Talk to examples higher volume, $$ etc..
The next steps of this use case is to bring it out of a batch process, and into a real time framework, using Spark and MLLib
As a result of being faster with scoring (same day) we can look to expand our customer interaction with real time alerting through email or mobile
And from these interactions build a more agile feedback loop that will allow us to retrain our model quicker based on feedback from real fraud as well as false positives.
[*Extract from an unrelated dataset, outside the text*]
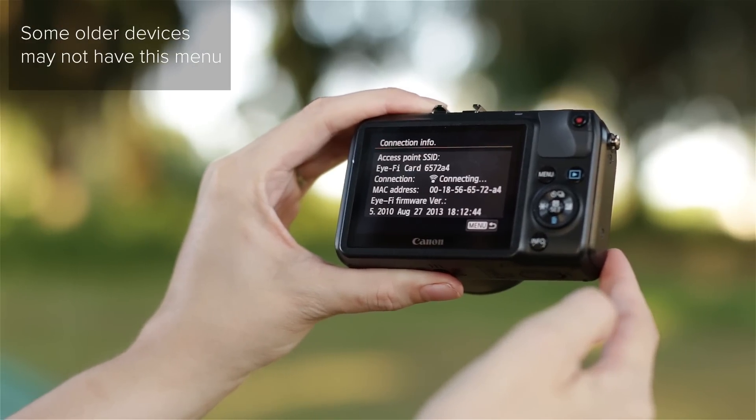When disabled, the iFi MobiCard will continue to act as a normal SD card, storing all of your photographs you take, and at any point we can just re-enable the iFi network to allow the images to transfer to our mobile device.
Closer to real time = the more valuable to customers we’ll be.
So to wrap up,
Evolution to online and mobile
Customers want value added services that are relevant to them
Hadoop addresses a very large gap in our data architecture, by allowing us to ingest a variety of data that previously was not available to us, or could not be analyzed effectively.
Hadoop allows us to become smarter about our customers, which in turn lets us cater service and products in a more effective manner.
More benefits to the customer
Better understand them through transactions
However, all of this power and agility, needs to be governed to avoid risk.
And finally, the fraud detection use case is only the tip of the iceberg in terms of what hadoop can do. We now have a solid foundation to let us bridge into newer technologies such as streaming, noSQL and others.